Description
This Mediterranean Chicken Bowl is a healthy and flavorful meal combining tender lemon-garlic chicken breast with a refreshing cucumber-dill yogurt sauce, served over fluffy rice or quinoa and fresh diced vegetables for a vibrant, nutritious dish perfect for lunch or dinner.
Ingredients
For the Yogurt Sauce
- 1 small cucumber, grated
- 2 garlic cloves, minced
- ¾ cup Greek yogurt
- 1 tablespoon olive oil
- Salt and pepper, to taste
- A few sprigs of fresh dill, minced
For the Chicken
- 1 large chicken breast
- Juice and zest of 1 lemon
- Salt and pepper, to taste
For the Bowl
- ½ cup rice or quinoa (uncooked)
- 1 medium cucumber, diced
- 1 large tomato, diced
- A small bunch of fresh dill, chopped
- 2 tablespoons olive oil
- Salt and pepper, to taste
Instructions
- Prepare the Yogurt Sauce. Grate the small cucumber and squeeze out excess water. Combine the grated cucumber with Greek yogurt, minced garlic, olive oil, fresh dill, salt, and pepper in a bowl. Mix until smooth and chill in the refrigerator to allow flavors to meld while preparing the rest of the dish.

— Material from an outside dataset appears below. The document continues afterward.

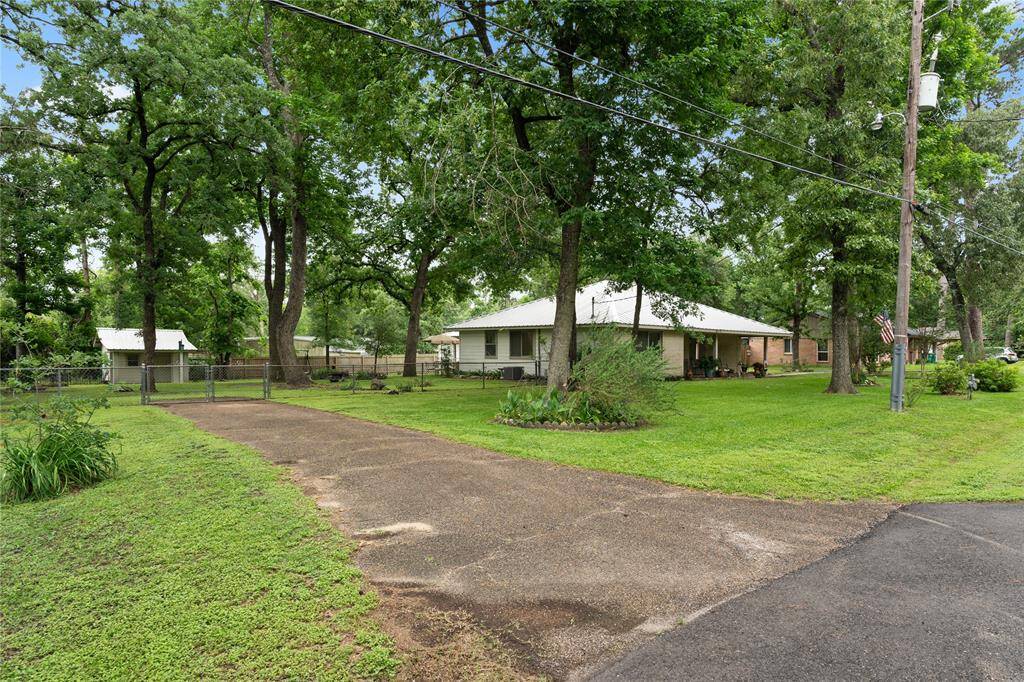 Here you can see the extra driveway that is fit for parking an RV or Boat if needed!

- Marinate and Cook the Chicken. Season the chicken breast with lemon juice, lemon zest, salt, and pepper. Heat a skillet over medium-high heat and add a small amount of olive oil. Cook the chicken breast for about 6-7 minutes on each side, or until fully cooked and golden brown. Remove from the skillet and let rest before slicing.
- Cook the Rice or Quinoa. While the chicken cooks, rinse the rice or quinoa and cook according to the package instructions. Fluff with a fork once cooked.

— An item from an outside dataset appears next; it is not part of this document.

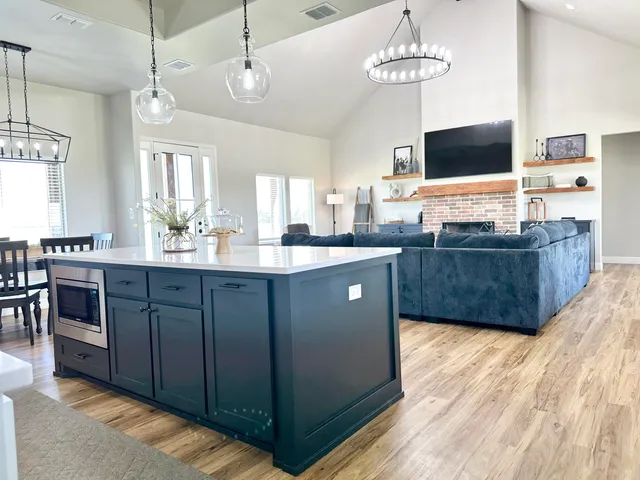 a kitchen with a sink cabinets and stainless steel appliances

- Prepare the Vegetables. Dice the medium cucumber and large tomato. Toss them gently with chopped fresh dill, olive oil, salt, and pepper in a bowl.
- Assemble the Mediterranean Chicken Bowl. Divide the cooked rice or quinoa into two bowls. Top with sliced chicken, diced vegetables, and a generous dollop of the cucumber-dill yogurt sauce. Garnish with more fresh dill if desired. Serve immediately.
Notes
- Use Greek yogurt for the best creamy texture in the sauce.
- You can substitute quinoa for rice to make the dish gluten-free and higher in protein.
- Marinate the chicken for at least 15 minutes if you have extra time to enhance the lemon flavor.
- Adjust salt and pepper to taste throughout the recipe.
- Leftover components can be stored separately in the refrigerator for up to 2 days.